Sunny, the proud proprietor, a warm hearted and generous American who has grown to love her life in Kabul but who needs an ingenious plan - and fast - to keep her cafe and customers safe.
Yazmina, a young pregnant woman stolen from her remote village and now abandoned on Kabul's violent streets, she is rescued by Sunny and works at the coffee shop.
Candace, a wealthy American who has finally left her husband for her Afghan lover, the slick and enigmatic Wakil.
Isabel, a determined British journalist with a secret that might keep her from the biggest story of her life.
And Halajan, the sixty-year-old den mother, whose long-hidden love affair breaks all the rules. My favourite of the five she has seen it all......" in the burqa and out of the burqa, in miniskirts, back into long dresses - the wars that took friends and family, the droughts that caused famine and killed the roses and the trees of Kabul, and she realized she, like her country, had survived." Nothing has broken her spirit and she loves to flout the Taliban's rules in her own small way.
This is a book for women, about women. Each of them has a secret, each of them is fearful of the future but they all find strength and hope through the friendship and support of the others. Their individual stories are fairly predictable and because there are so many characters, in a book of less than 300 pages , there's not much room for character development.

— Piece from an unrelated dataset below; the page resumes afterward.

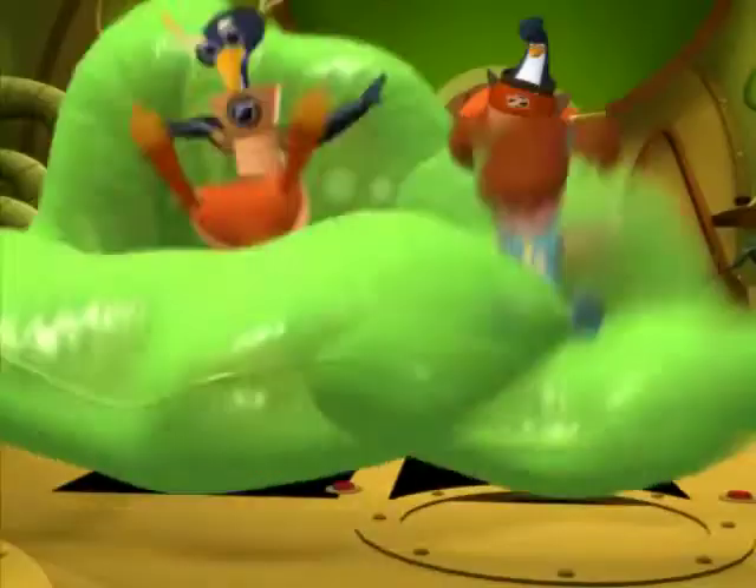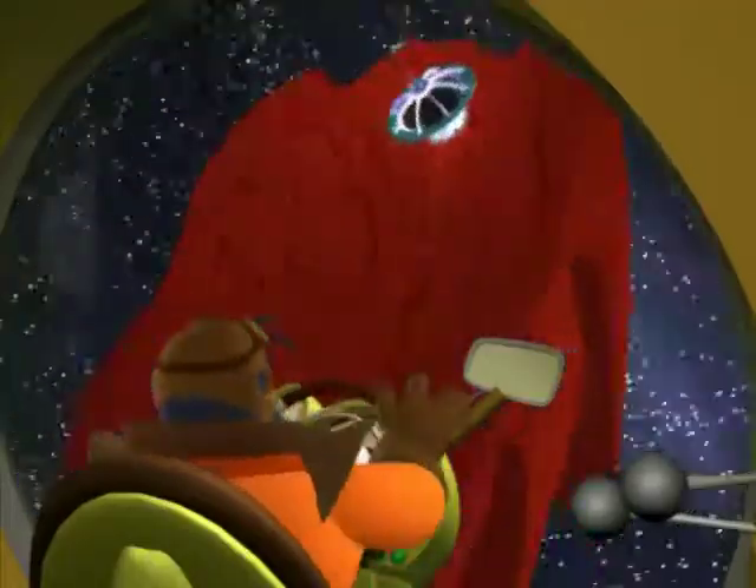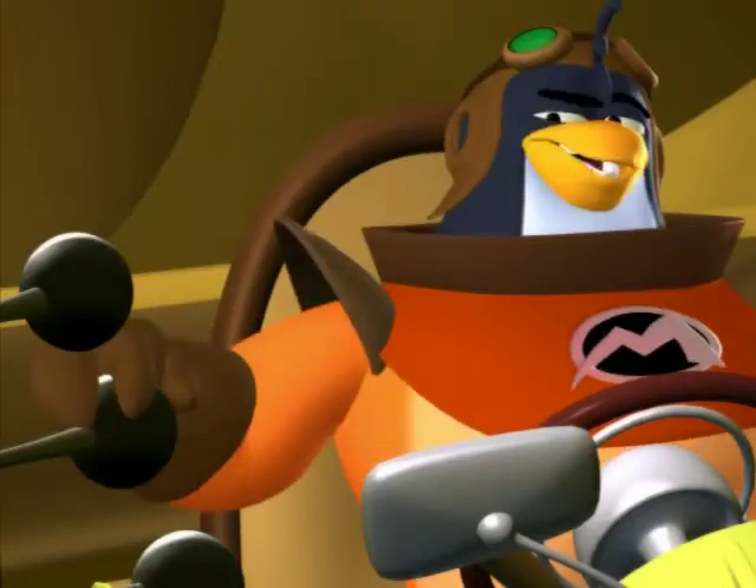First, make sure everybody's buckled in and you're in the pilot's seat. Next, pick a landing site. Flat is good. Reduce speed and lower the landing gear.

It is Afghanistan that takes centre stage. Deborah Rodriguez , author of the memoir Kabul Beauty School , lived and worked in Kabul and her love and knowledge of this country and it's people make for a background rich in details of the culture and customs. She takes every opportunity to weave women's issues into the storyline and for anyone interested in learning about these subjects this is an excellent introduction .
It's well written, light and easy reading and includes at the back a Q & A with the author, book club discussion questions, and some Afghan recipes.